[Data extracted from a collection]

________________

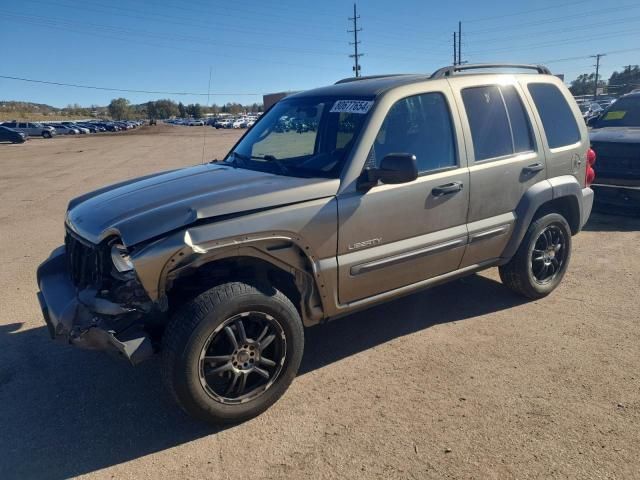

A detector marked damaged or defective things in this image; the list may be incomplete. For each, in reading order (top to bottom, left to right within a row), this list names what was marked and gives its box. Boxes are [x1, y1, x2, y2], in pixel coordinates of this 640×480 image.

exposed wheel well [528, 196, 580, 235]
damaged front bumper [36, 248, 155, 364]
exposed wheel well [168, 255, 302, 318]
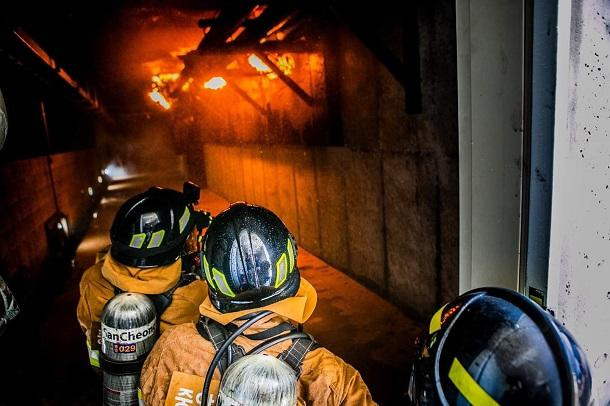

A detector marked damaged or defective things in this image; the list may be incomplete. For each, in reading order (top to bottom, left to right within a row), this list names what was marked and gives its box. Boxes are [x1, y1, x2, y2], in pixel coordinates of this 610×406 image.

charred ceiling beam [252, 51, 314, 106]
charred ceiling beam [330, 3, 420, 114]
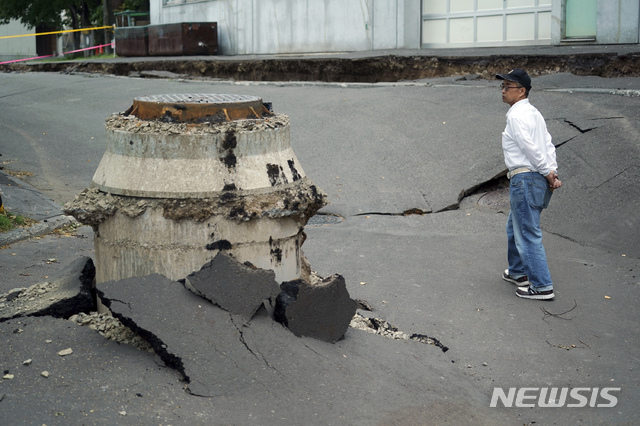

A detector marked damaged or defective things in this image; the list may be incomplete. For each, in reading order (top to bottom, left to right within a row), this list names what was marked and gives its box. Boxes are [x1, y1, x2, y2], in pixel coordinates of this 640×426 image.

broken pavement chunk [0, 256, 95, 322]
broken pavement chunk [188, 251, 282, 322]
broken pavement chunk [274, 276, 358, 342]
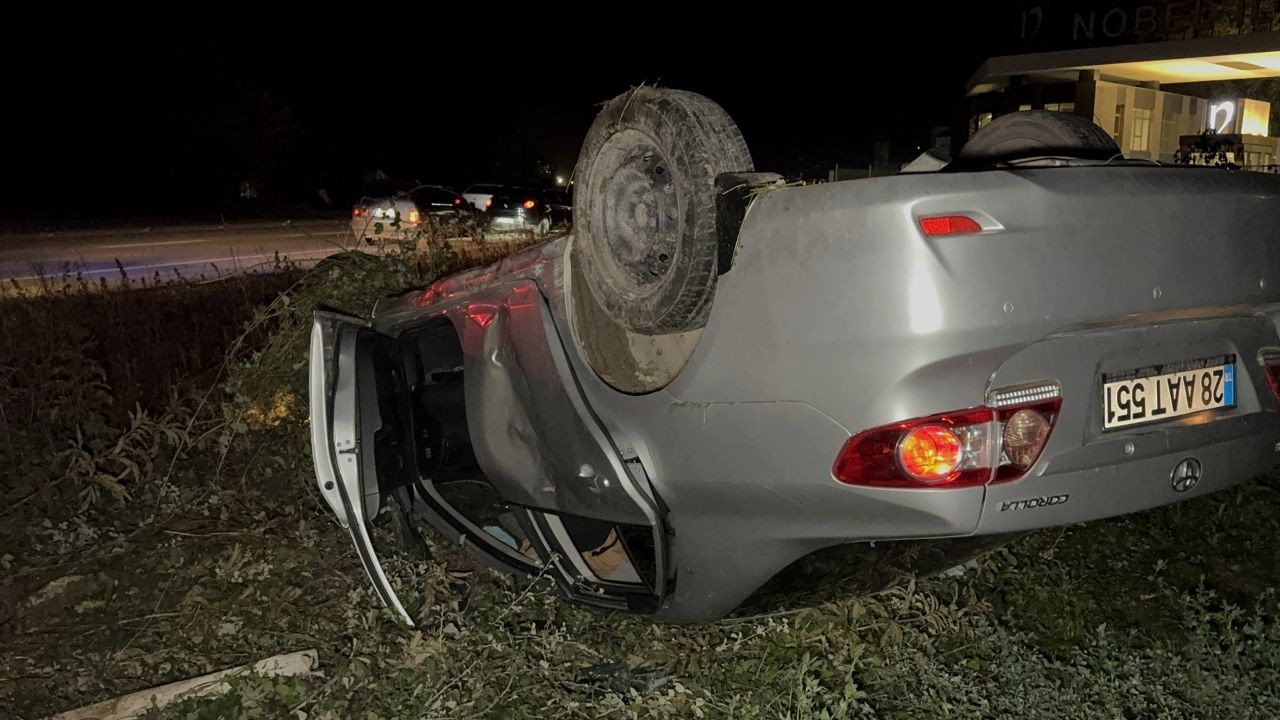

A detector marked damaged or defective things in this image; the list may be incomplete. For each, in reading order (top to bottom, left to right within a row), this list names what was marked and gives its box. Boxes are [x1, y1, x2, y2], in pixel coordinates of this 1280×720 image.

overturned silver car [307, 87, 1280, 620]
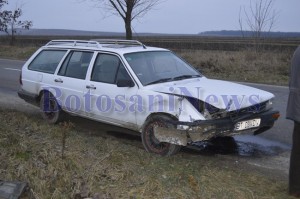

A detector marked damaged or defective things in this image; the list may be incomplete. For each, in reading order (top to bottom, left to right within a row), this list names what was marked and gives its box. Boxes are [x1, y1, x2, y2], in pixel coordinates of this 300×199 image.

damaged white station wagon [18, 39, 280, 156]
crumpled front bumper [154, 109, 280, 146]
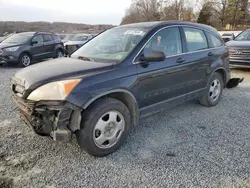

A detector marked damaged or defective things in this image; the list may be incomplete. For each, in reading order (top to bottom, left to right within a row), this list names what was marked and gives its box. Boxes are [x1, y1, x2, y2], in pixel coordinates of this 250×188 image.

damaged front bumper [12, 94, 81, 142]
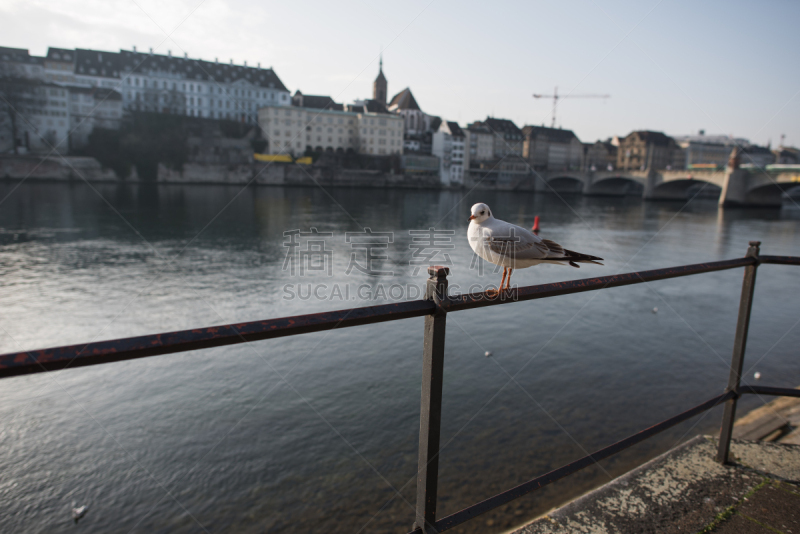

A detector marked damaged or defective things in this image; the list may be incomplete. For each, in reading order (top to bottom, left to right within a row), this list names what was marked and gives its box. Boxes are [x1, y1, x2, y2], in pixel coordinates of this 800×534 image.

rusty metal railing [1, 244, 800, 534]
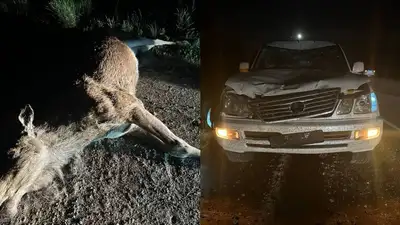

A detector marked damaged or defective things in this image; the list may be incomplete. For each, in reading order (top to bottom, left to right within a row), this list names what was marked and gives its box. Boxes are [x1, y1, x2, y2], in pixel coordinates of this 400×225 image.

dented hood [223, 68, 370, 98]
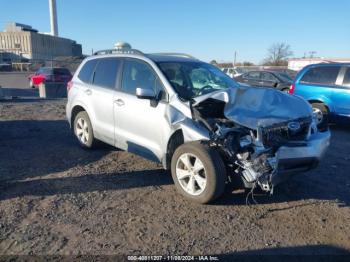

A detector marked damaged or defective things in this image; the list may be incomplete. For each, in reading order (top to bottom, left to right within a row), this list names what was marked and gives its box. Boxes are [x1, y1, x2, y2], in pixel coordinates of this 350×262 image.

crumpled hood [193, 86, 314, 130]
damaged front end [191, 88, 330, 192]
crushed front bumper [270, 130, 330, 185]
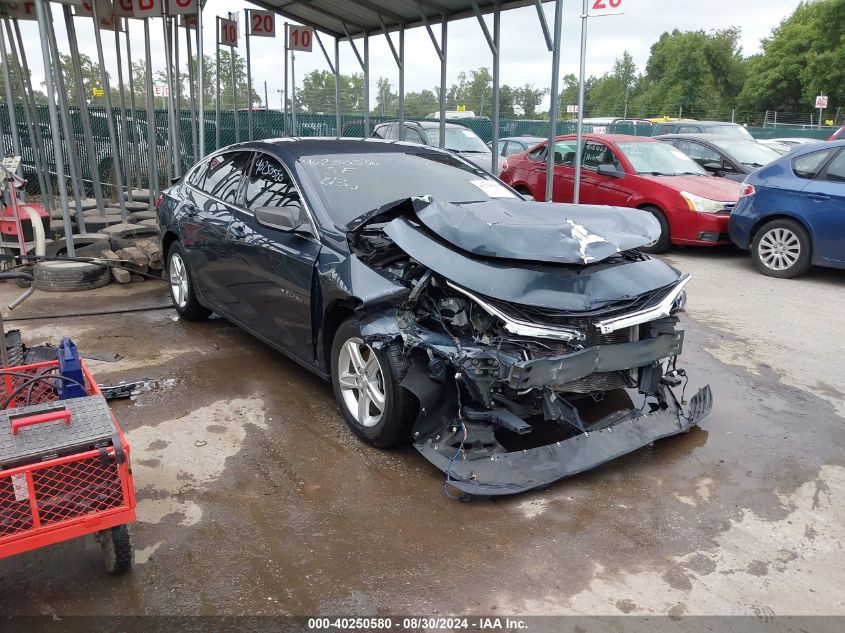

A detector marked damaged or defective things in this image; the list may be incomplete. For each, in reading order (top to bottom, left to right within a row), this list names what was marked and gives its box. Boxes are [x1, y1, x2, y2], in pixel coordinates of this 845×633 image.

crumpled hood [412, 195, 664, 264]
wrecked sedan [155, 137, 708, 494]
detached bumper cover [416, 382, 712, 496]
damaged front bumper [416, 382, 712, 496]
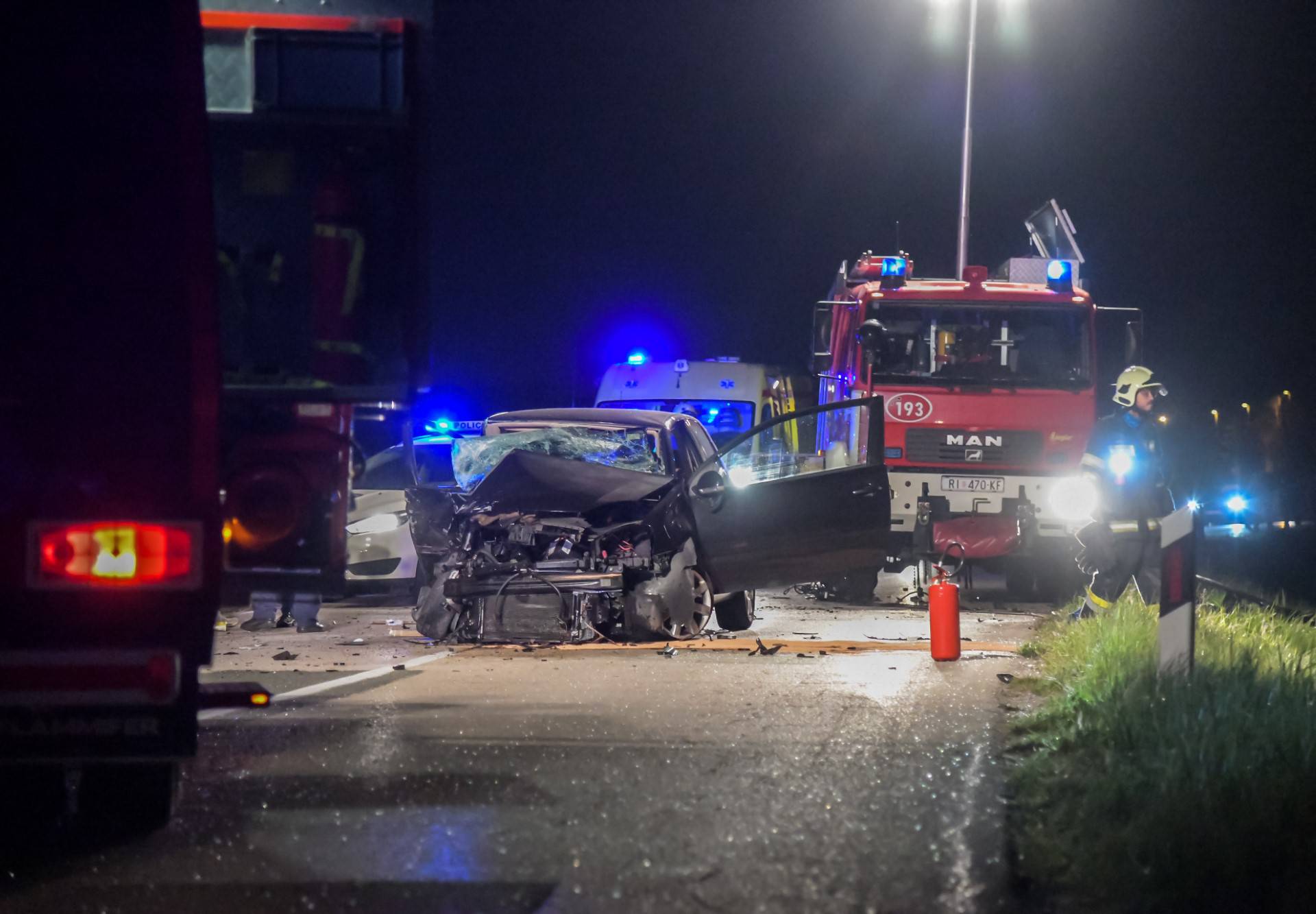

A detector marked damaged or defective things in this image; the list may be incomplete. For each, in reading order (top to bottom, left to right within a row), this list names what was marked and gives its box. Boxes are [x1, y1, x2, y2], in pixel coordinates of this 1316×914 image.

shattered windshield [452, 424, 668, 490]
crashed car front end [415, 426, 721, 645]
wrecked black car [411, 400, 889, 645]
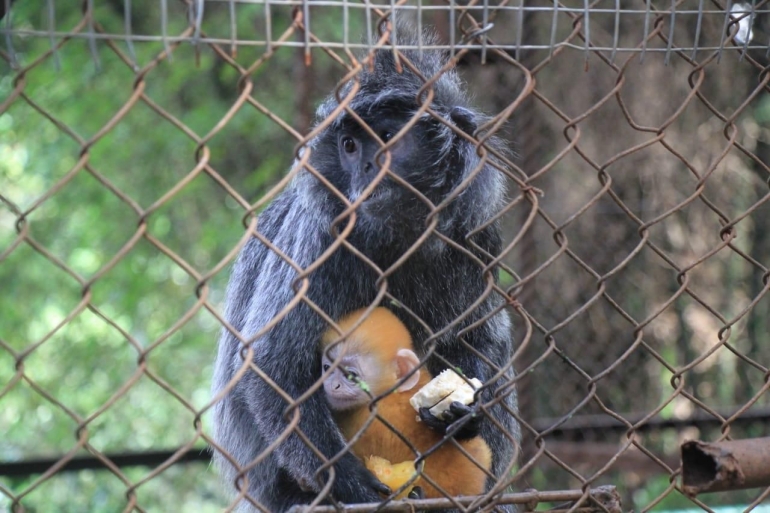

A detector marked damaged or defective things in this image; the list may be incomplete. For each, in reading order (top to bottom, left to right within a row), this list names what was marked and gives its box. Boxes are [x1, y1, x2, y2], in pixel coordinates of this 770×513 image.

rusted metal pipe [680, 436, 768, 496]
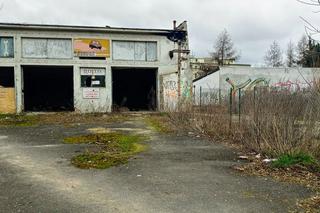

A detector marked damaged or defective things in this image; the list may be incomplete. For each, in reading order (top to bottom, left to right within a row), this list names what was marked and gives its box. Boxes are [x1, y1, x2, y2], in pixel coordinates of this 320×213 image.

cracked asphalt [0, 115, 312, 212]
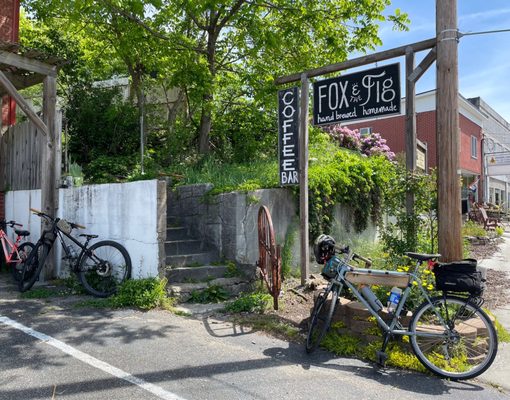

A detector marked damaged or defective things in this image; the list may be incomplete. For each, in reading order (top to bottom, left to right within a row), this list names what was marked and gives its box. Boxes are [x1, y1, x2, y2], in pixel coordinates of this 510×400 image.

rusty metal wheel [256, 206, 280, 310]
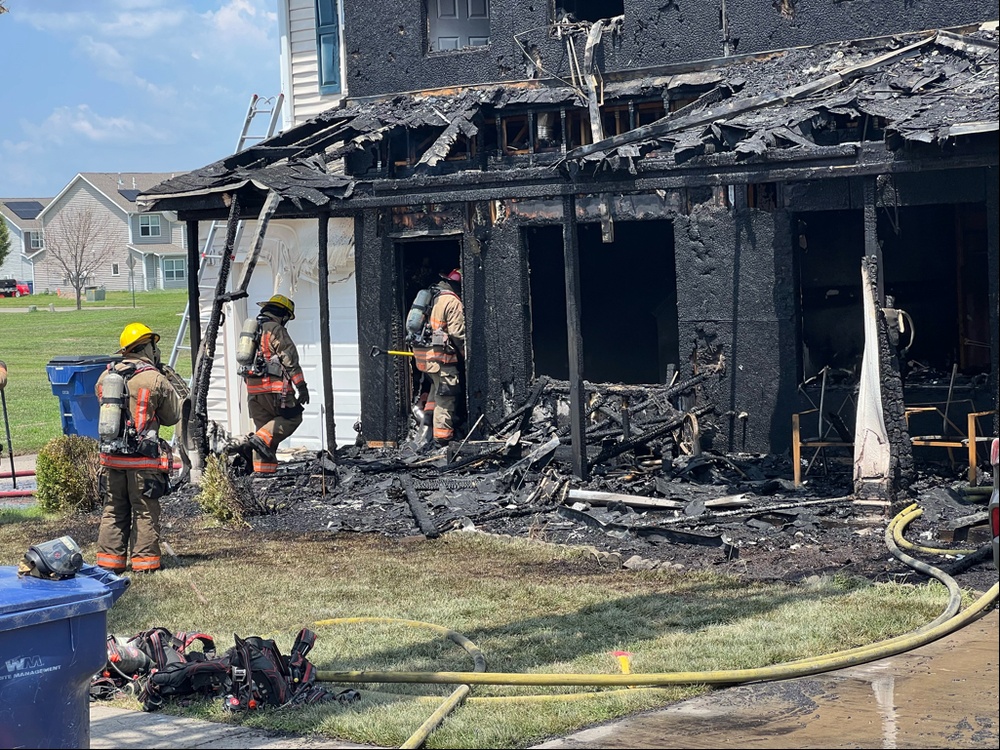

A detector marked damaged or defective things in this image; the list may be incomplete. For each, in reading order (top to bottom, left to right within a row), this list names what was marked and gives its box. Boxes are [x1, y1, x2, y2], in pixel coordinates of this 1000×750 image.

burned window opening [424, 0, 490, 54]
burned window opening [556, 0, 624, 23]
burnt siding [342, 0, 992, 99]
burnt siding [728, 0, 1000, 57]
burned house [137, 1, 996, 500]
burned window opening [524, 220, 680, 388]
burnt siding [672, 203, 796, 456]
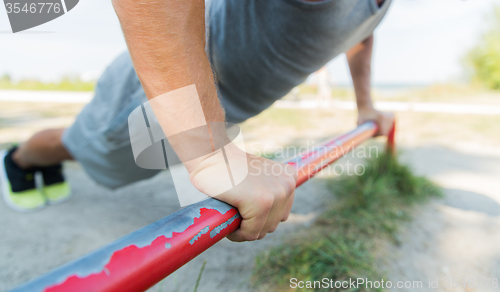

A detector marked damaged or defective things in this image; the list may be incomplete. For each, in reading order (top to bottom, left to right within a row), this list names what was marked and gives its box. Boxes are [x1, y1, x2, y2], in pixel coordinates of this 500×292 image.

peeling paint on bar [189, 226, 209, 244]
peeling paint on bar [209, 213, 240, 238]
chipped red paint [45, 208, 240, 292]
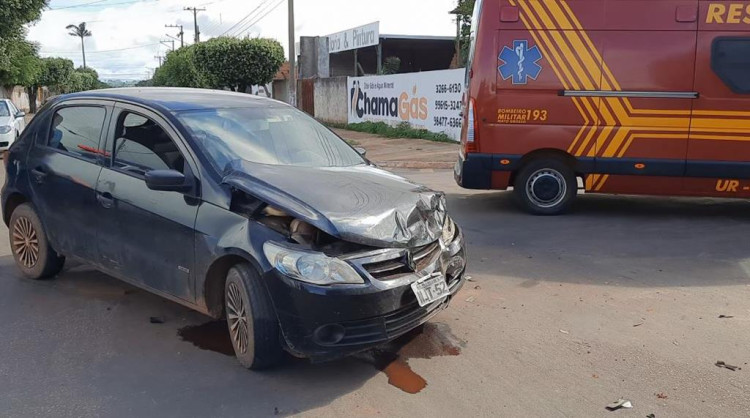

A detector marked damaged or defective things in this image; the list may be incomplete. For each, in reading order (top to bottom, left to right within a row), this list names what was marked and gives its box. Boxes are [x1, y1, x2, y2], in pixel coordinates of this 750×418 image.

damaged dark blue hatchback [1, 88, 464, 370]
broken headlight [262, 242, 366, 288]
dented hood [222, 161, 446, 248]
crumpled front bumper [262, 230, 468, 360]
broken headlight [440, 217, 458, 243]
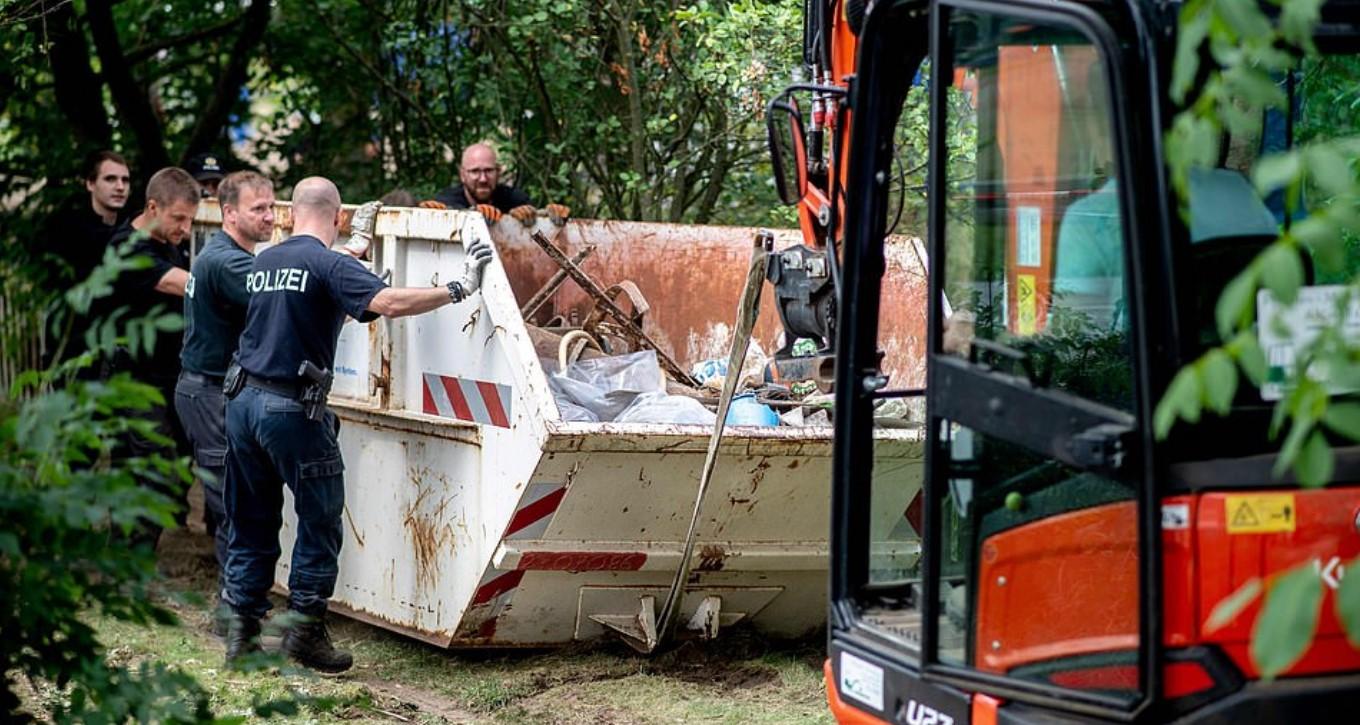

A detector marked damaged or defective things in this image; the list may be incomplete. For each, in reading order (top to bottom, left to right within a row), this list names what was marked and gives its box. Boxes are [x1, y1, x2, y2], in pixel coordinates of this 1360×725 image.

rusty skip container [191, 201, 928, 648]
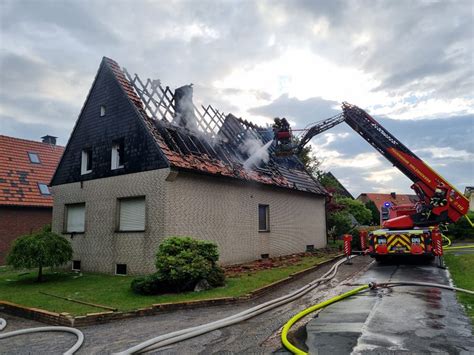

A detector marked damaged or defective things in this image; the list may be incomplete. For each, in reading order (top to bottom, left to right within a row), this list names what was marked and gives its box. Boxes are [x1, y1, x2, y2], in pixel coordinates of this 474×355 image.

damaged roof [0, 136, 64, 209]
burned house [50, 57, 328, 276]
damaged roof [103, 58, 326, 197]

________________

> _Action item_
Reproduce exactly the lines above from the one with "this 1360×725 image." through the last line of the data, keeping both ends and dropping the pictures.

> _Task answer_
A detector marked damaged or defective things in this image; the list may be incomplete. For each, in reading order (top to bottom, left to right within a row), this list names what was marked and gives its box. Boxes are [x1, y1, x2, y2], in pixel coordinates of this 1360×725 image.

rusty skip container [191, 201, 928, 648]

A detector marked damaged or defective things in this image; the list may be incomplete. For each, in reading order (top to bottom, left to right within a row), this list names what was marked and gives its box. Boxes are [x1, y1, x2, y2], in pixel coordinates of this 474×355 image.

damaged roof [0, 136, 64, 209]
burned house [50, 57, 328, 276]
damaged roof [103, 58, 326, 197]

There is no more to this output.